When Microsoft stopped selling its facial recognition technology to police, the company's president, Brad Smith, said that it had a responsibility to protect human rights. But in emails released on Wednesday, Microsoft didn't mention any human rights concerns or racial bias issues as it tried selling facial recognition tech to the US government.
Emails obtained by the American Civil Liberties Union showed that Microsoft had been in talks with the Drug Enforcement Agency from September 2017 to December 2018, in attempts to sell its artificial intelligence tools including facial recognition and voice recognition.
The released emails come a week after Microsoft announced that it wouldn't be selling facial recognition to police departments until there was a "strong national law grounded in human rights." Microsoft didn't clarify whether that moratorium extended to federal agencies.
Microsoft didn't respond to a request for comment.
"It is bad enough that Microsoft tried to sell a dangerous technology to a law enforcement agency tasked with spearheading the racist drug war, but it gets worse," said Nathan Freed Wessler, a senior staff attorney with the ACLU's Speech, Privacy, and Technology Project. "Even after belatedly promising not to sell face surveillance tech to police last week, Microsoft has refused to say whether it would sell the technology to federal agencies like the DEA."
The emails, obtained by a lawsuit from the ACLU and the ACLU of Massachusetts, showed conversations between the DEA and Microsoft executives, who had multiple demonstrations and workshops on how facial recognition could benefit the agency's investigations.
"We are gathering requirements for AI services that could be leveraged for transcription, language translation, face recognition, and others. We are planning to extend our cloud environment to include AI services from Microsoft Azure Government (MAG) cloud," a senior Microsoft employee wrote in an email to the DEA in November 2018.

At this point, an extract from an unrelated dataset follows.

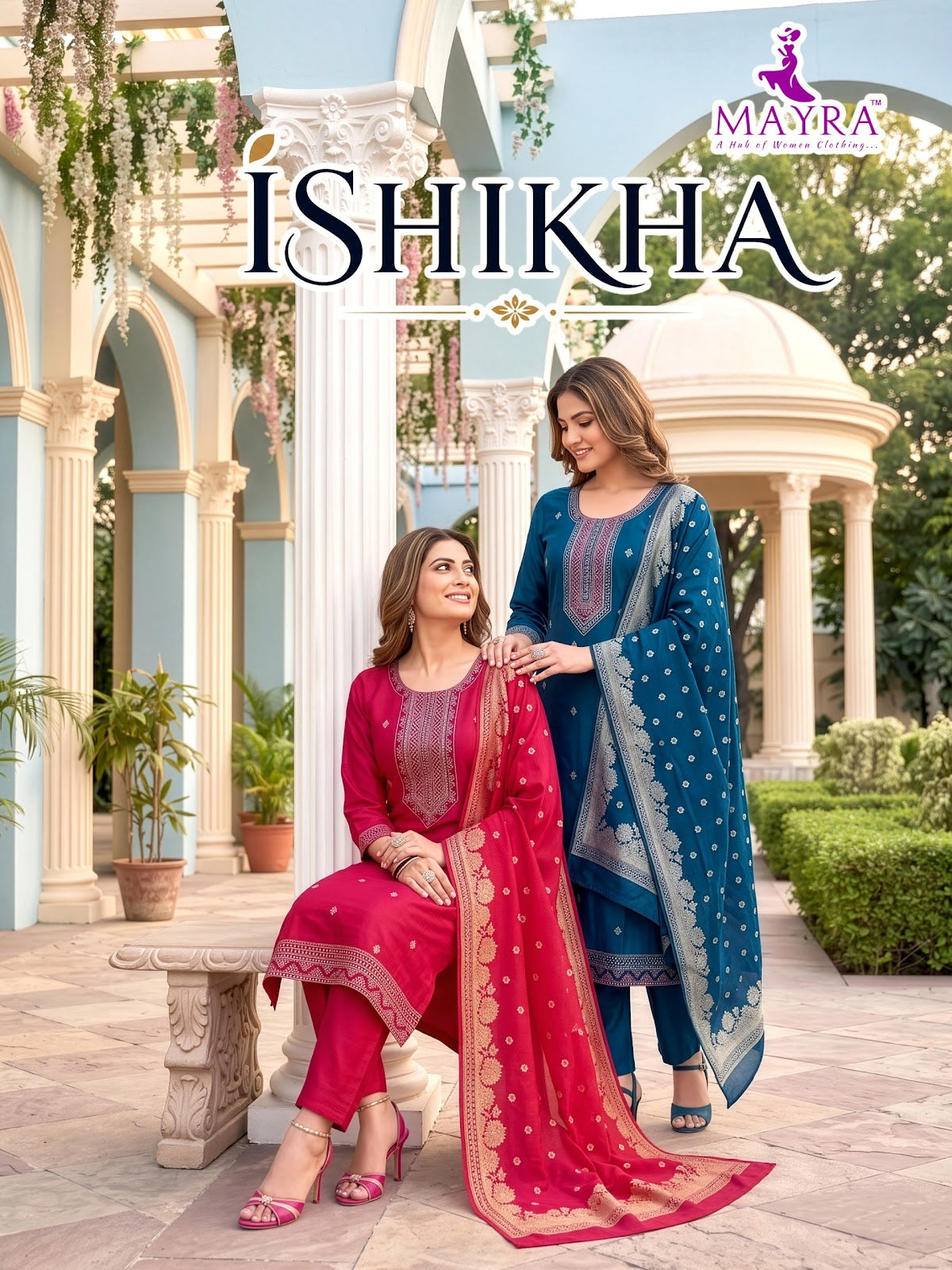 Ishika Mayra Roman Readymade Pant Style Suits Wholesaler Ahmedabad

In these emails, Microsoft marketed tools like its Faces API, which researchers from the MIT Media Lab discovered had racial and gender bias and was more likely to misidentify people of color. The tech giant also showed off its voice recognition tools, with emails claiming that the technology could analyze sentiments in the recordings.
The DEA didn't respond to a request for comment.
The emails indicated that the DEA backed off from purchasing facial recognition from Microsoft, pointing to public scrutiny and concerns around privacy from the Government Accountability Office's report on how the FBI used the technology.
Congress has also raised concerns about how the Justice Department has used facial recognition, pointing out that the FBI hasn't met recommendations on accuracy, transparency and privacy.
The DEA's surveillance capabilities are concerning for the ACLU considering the blanket authority the agency has been granted to spy on protesters. A BuzzFeed News report on June 2 found that the Justice Department gave the DEA permission to surveil protesters after the May 25 death of George Floyd.
"This is troubling given the U.S. Drug Enforcement Administration's record, but it's even more disturbing now that Attorney General Bill Barr has reportedly expanded this very agency's surveillance authorities, which could be abused to spy on people protesting police brutality," Wessler said.